The presence, or extent, of cognitive dissonance with regard to meat eating can vary depending on the attitudes and values of the individual involved because these can affect whether or not they see any moral conflict with their values and what they eat. For example, individuals who are more dominance-minded and who value having a masculine identity are less likely to experience cognitive dissonance because they are less likely to believe eating meat is morally wrong. Others cope with this cognitive dissonance through ignorance (ignoring the known realities of their food source) or explanations loosely tied to taste. The psychological phenomenon intensifies if the mind or human-like qualities of animals are explicitly mentioned.

===Smoking===
The study Patterns of Cognitive Dissonance-reducing Beliefs Among Smokers: A Longitudinal Analysis from the International Tobacco Control (ITC) Four Country Survey (2012) indicated that smokers use justification beliefs to reduce their cognitive dissonance about smoking tobacco and the negative consequences of smoking it.

1. Continuing smokers (Smoking and no attempt to quit since the previous round of study)
2. Successful quitters (Quit during the study and did not use tobacco from the time of the previous round of study)
3. Failed quitters (Quit during the study, but relapsed to smoking at the time of the study)

To reduce cognitive dissonance, the participant smokers adjusted their beliefs to correspond with their actions:

1. Functional beliefs ("Smoking calms me down when I am stressed or upset."; "Smoking helps me concentrate better."; "Smoking is an important part of my life."; and "Smoking makes it easier for me to socialize.")
2. Risk-minimizing beliefs ("The medical evidence that smoking is harmful is exaggerated."; "One has to die of something, so why not enjoy yourself and smoke?"; and "Smoking is no more risky than many other things people do.")

=== Littering ===
Disposing of trash outside, even when knowing this is against the law, wrong, and is harmful for the environment, is a prominent example of cognitive dissonance, especially if the person feels bad after littering but continues to do so.

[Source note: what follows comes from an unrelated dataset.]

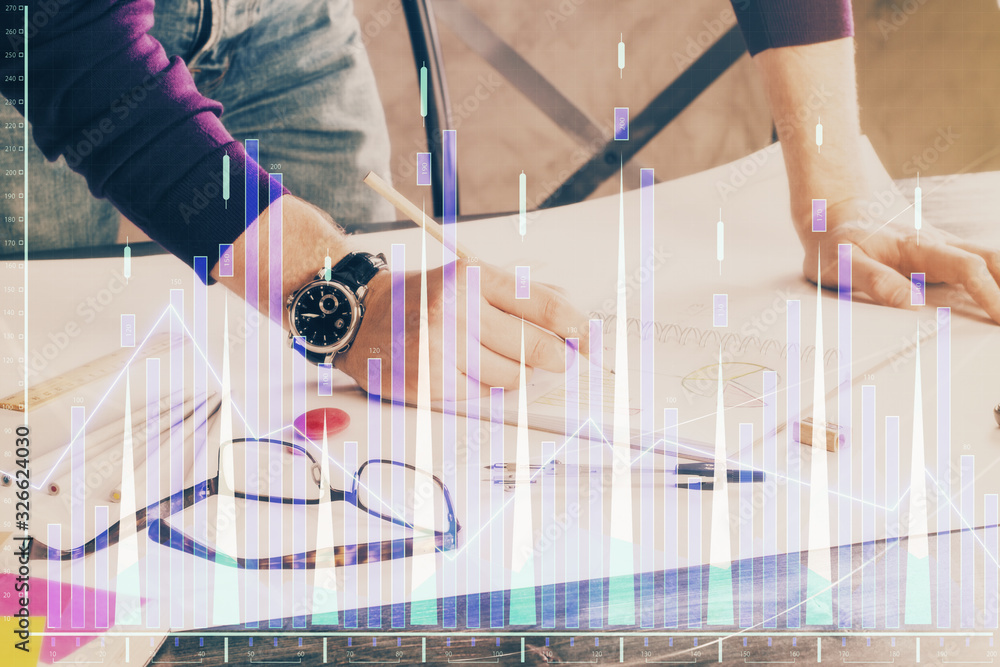 Multi exposure of man standing and planing investment with stock market forex chart.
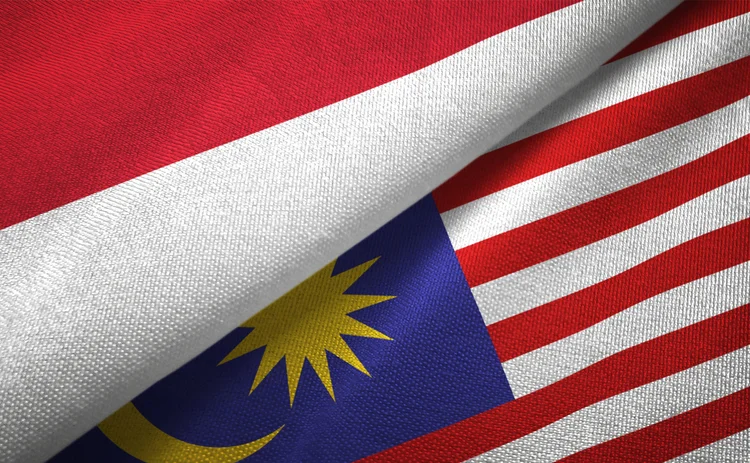 The flags of Indonesia and Malaysia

Between November 2015 and March 2016, a study by Xitou Nature Education Area in Taiwan examined littering of tourists. Researchers analyzed the relationships between tourists' environmental attitudes, cognitive dissonance, and vandalism. In this study, 500 questionnaires were distributed and 499 questionnaires were returned. The results of this study indicate that older tourists had better attitudes towards the environment and cared more. The tourists who were older and cared more for outdoor activities were less likely to litter. On the other hand, the younger tourists littered more and experienced more cognitive dissonance. This study showed that younger tourists littered more as a whole and regretted or thought about it after.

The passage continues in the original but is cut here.